## RAW DATA

━━━━━━━━━━━━━━━━━━━━━━━━━━━━━━

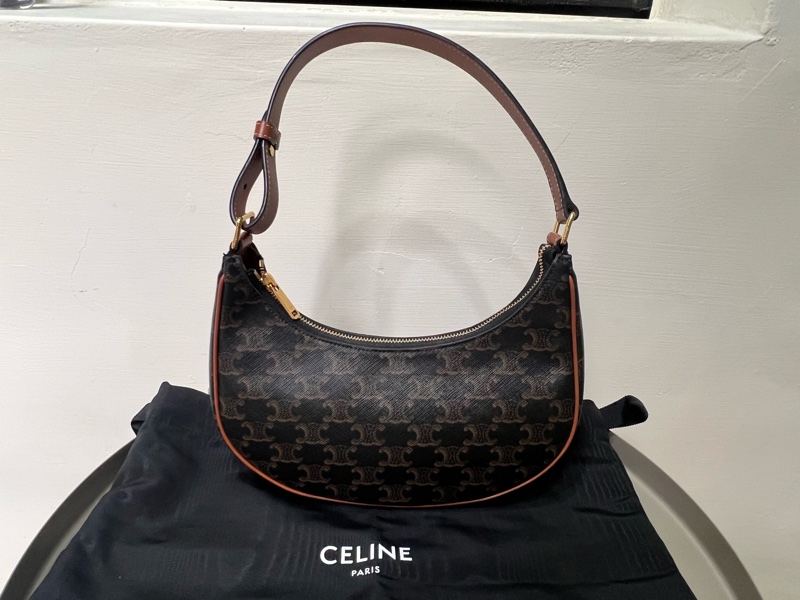 CELINE AVA TRIOMPHE 半月肩背包-0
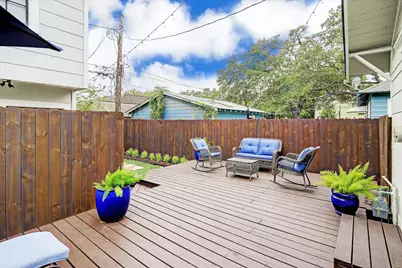 1136 Dunbar Street, Houston, TX 77009 - Photo 19
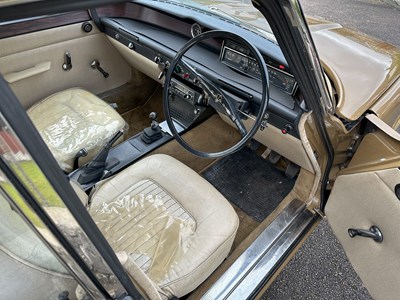 Lot 49 - 1973 Rover 2000 SC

━━━━━━━━━━━━━━━━━━━━━━━━━━━━━━

## INSTRUCTIONS TO FOLLOW
A verbatim transcript of the material above, with images dropped, is the expected output.

## OUTPUT
 CELINE AVA TRIOMPHE 半月肩背包-0
 1136 Dunbar Street, Houston, TX 77009 - Photo 19
 Lot 49 - 1973 Rover 2000 SC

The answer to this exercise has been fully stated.